• WORK TO BE COMPLETED: Write out the following listing's lines from the one with "아디다스 프레데터 에큐러시3 풋살화240 상품이미지2" to the one with "Tiffany Stehlampe Leselampe", exactly, with both included and no others.

• DATA EXTRACTS:
^^^^^^^^

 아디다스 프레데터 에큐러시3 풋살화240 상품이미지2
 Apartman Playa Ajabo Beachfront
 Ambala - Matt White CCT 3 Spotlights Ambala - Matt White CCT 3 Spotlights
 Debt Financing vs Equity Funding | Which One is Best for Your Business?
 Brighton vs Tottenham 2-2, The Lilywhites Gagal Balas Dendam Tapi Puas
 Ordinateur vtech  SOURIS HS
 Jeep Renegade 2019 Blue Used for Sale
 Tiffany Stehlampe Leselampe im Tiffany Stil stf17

^^^^^^^^

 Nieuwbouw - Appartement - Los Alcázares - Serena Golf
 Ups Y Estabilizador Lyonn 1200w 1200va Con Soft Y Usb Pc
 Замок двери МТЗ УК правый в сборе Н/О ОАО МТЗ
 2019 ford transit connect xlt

^^^^^^^^

• RESPONSE FOR THIS EXERCISE:
 아디다스 프레데터 에큐러시3 풋살화240 상품이미지2
 Apartman Playa Ajabo Beachfront
 Ambala - Matt White CCT 3 Spotlights Ambala - Matt White CCT 3 Spotlights
 Debt Financing vs Equity Funding | Which One is Best for Your Business?
 Brighton vs Tottenham 2-2, The Lilywhites Gagal Balas Dendam Tapi Puas
 Ordinateur vtech  SOURIS HS
 Jeep Renegade 2019 Blue Used for Sale
 Tiffany Stehlampe Leselampe im Tiffany Stil stf17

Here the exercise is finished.